(Crawled caption data)
● ● ●

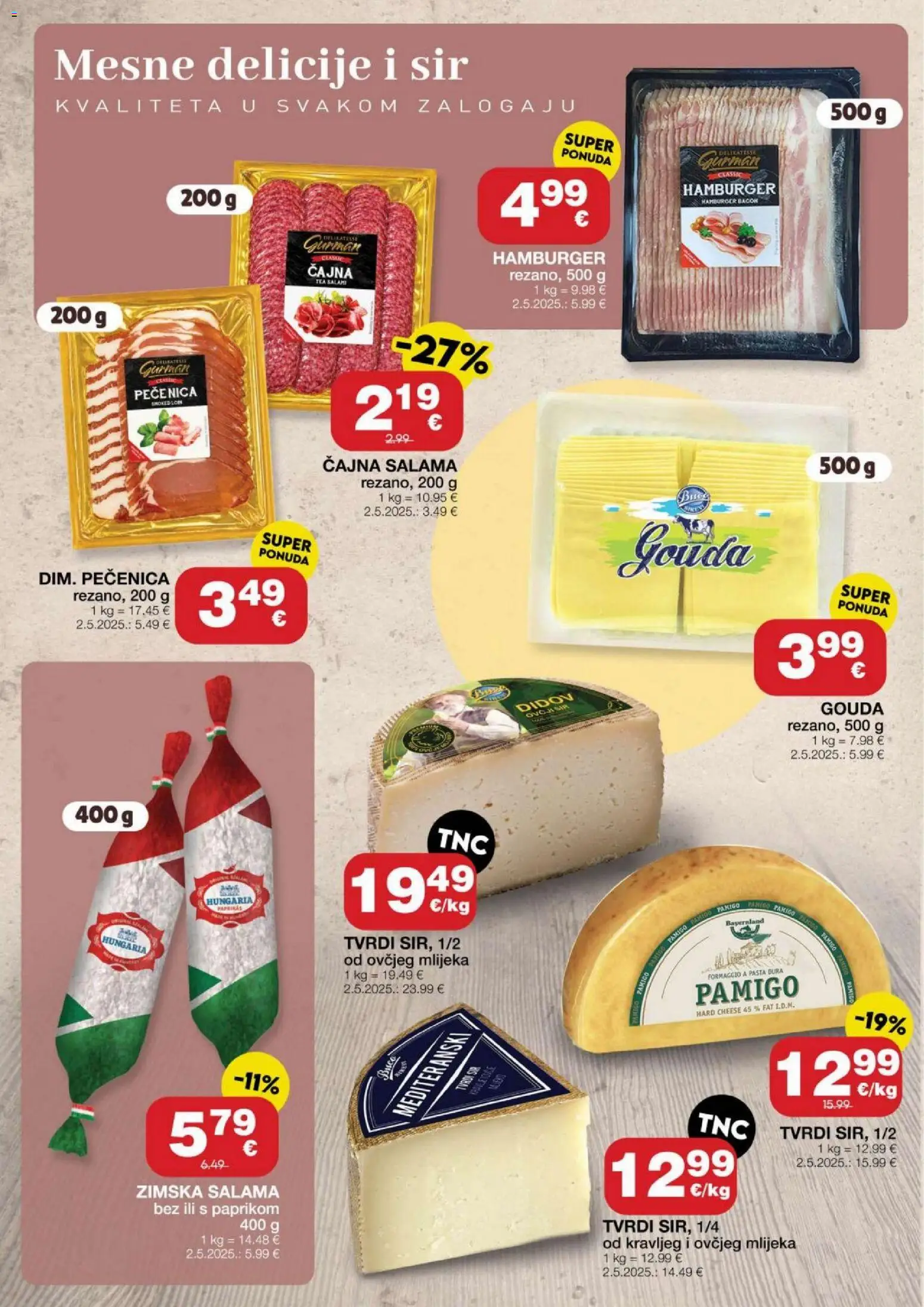 Stanić Diskont katalog | vrijedi od 09.07.2026 | Stranica: 2 | Proizvodi: Sir, Hamburger, Pasta, Gouda
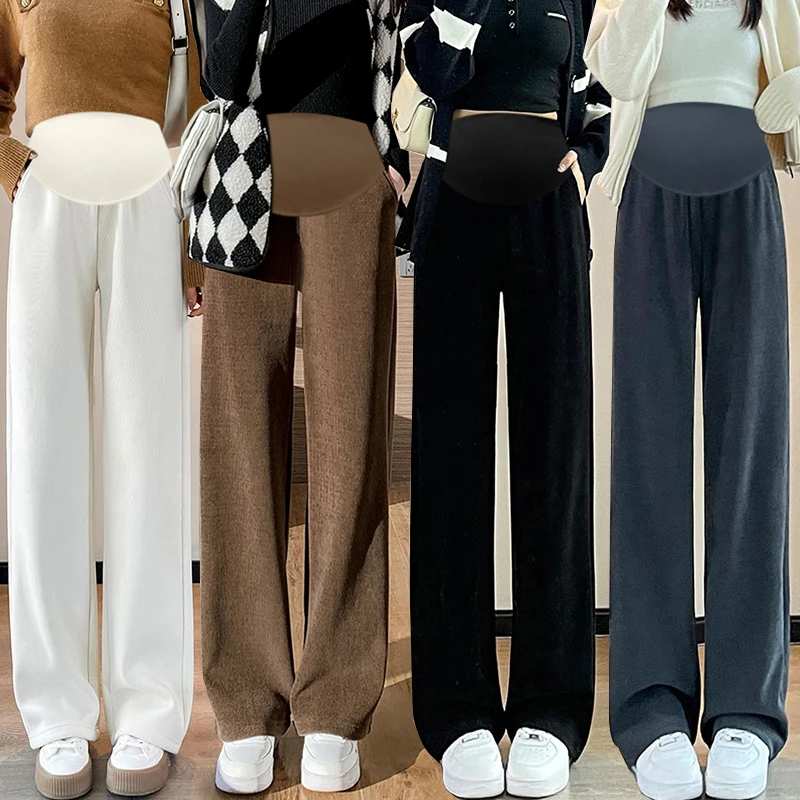 2025高货孕妇阔腿裤秋冬款外穿大码直筒裤冬季加绒加厚宽松拖地裤
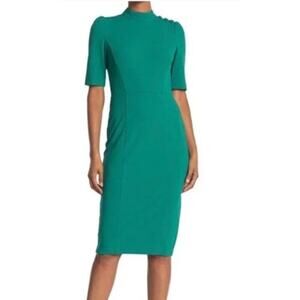 Donna Morgan Dress Mock Neck 3/4 Sleeve Sheath Knee Length Teal Blue Green 4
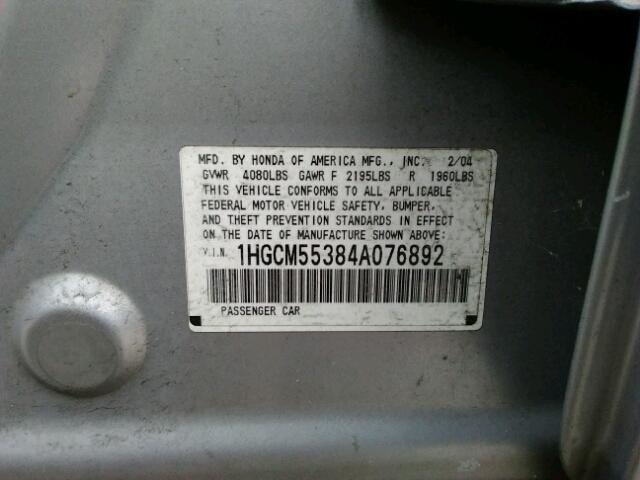 1HGCM55384A076892 - 2004 HONDA ACCORD LX SILVER photo 10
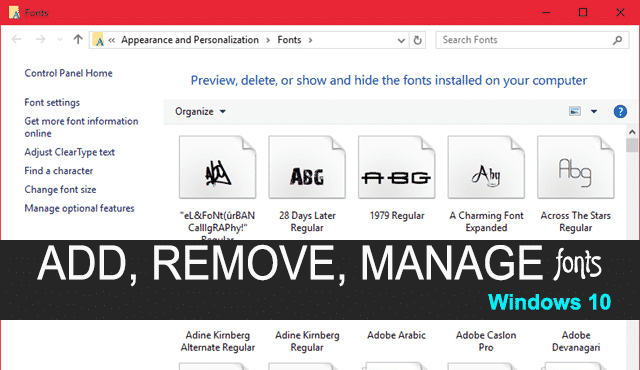 How to Install, Delete and Manage Fonts in Windows 10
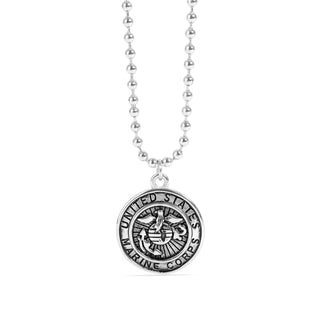 United States Marine Corps Stainless Steel Polished Pendant on Ball Chain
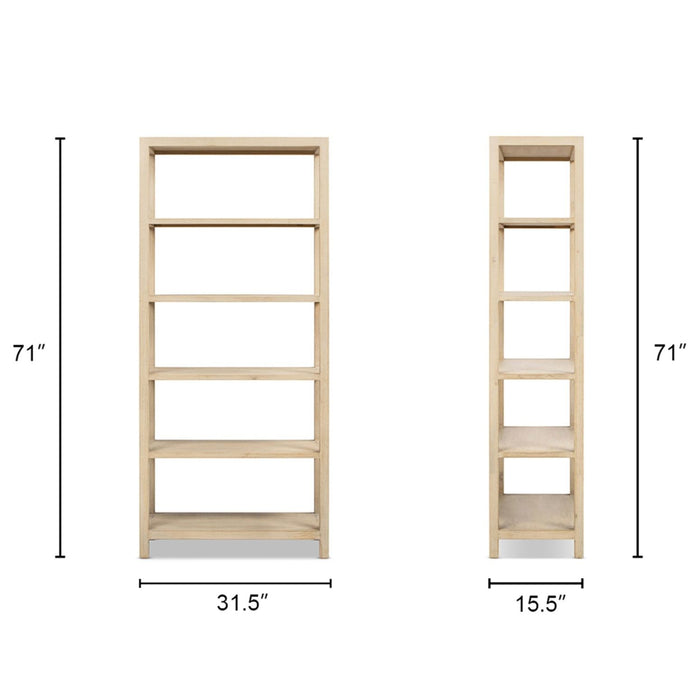 Ellis - 5 Shelf Open Frame Bookcase - Natural Jennifer Taylor Home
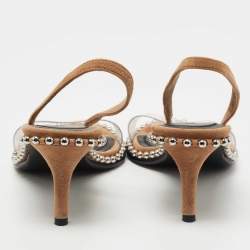 Alexander Wang Beige Suede and PVC Nova Slingback Sandals Size 37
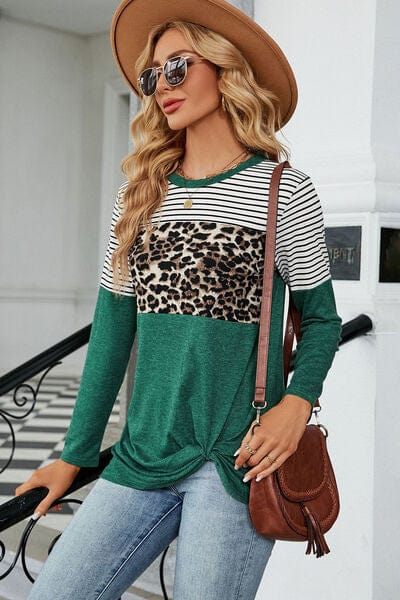 Leopard Striped Round Neck T-Shirt - Trendsi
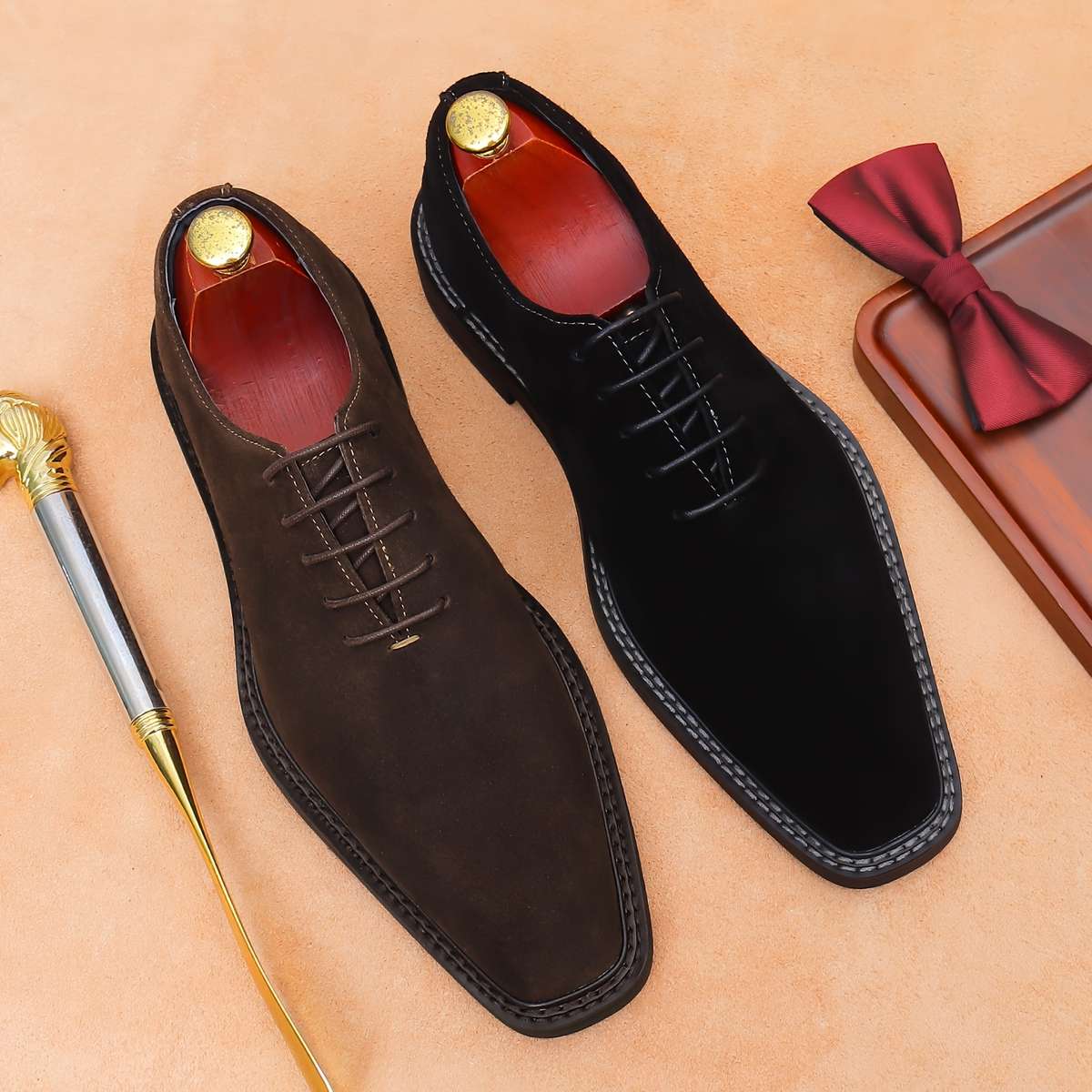 Mens Leather Shoes Color Black Sizeuk 4.5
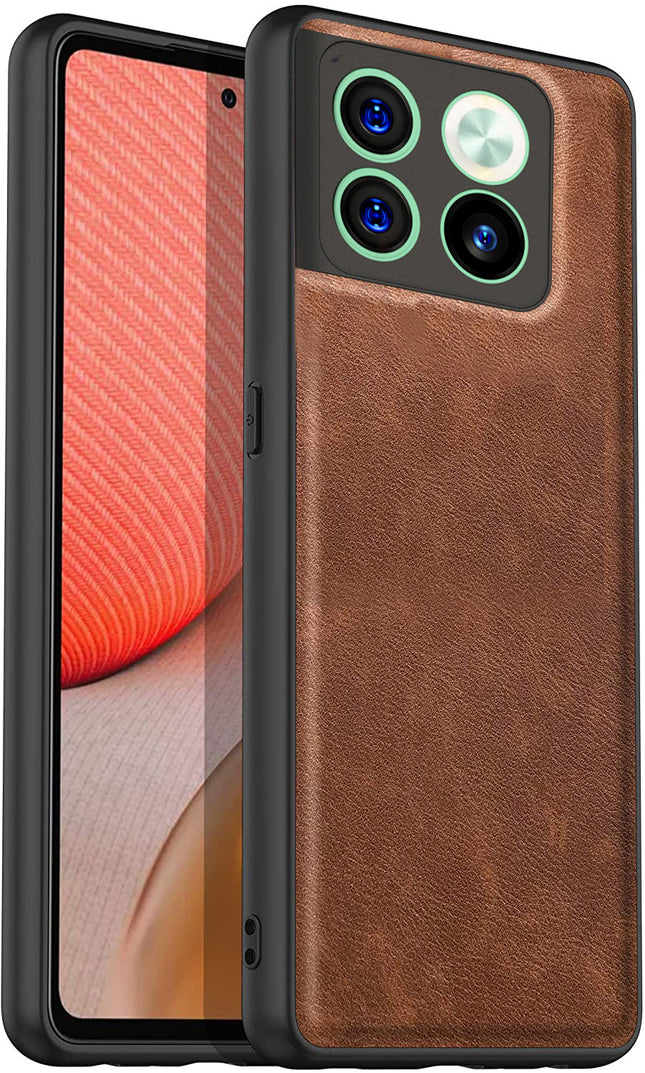 Mobizang Tux Back Case for Oneplus 10T , Slim Leather Shockproof Camera Protection Back Cover (Brown)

● ● ●

Problem details
Set the pictures aside and restate word for word only the lines from the line containing "How to Install, Delete" through the end of the entries above, both included.

Exercise response
 How to Install, Delete and Manage Fonts in Windows 10
 United States Marine Corps Stainless Steel Polished Pendant on Ball Chain
 Ellis - 5 Shelf Open Frame Bookcase - Natural Jennifer Taylor Home
 Alexander Wang Beige Suede and PVC Nova Slingback Sandals Size 37
 Leopard Striped Round Neck T-Shirt - Trendsi
 Mens Leather Shoes Color Black Sizeuk 4.5
 Mobizang Tux Back Case for Oneplus 10T , Slim Leather Shockproof Camera Protection Back Cover (Brown)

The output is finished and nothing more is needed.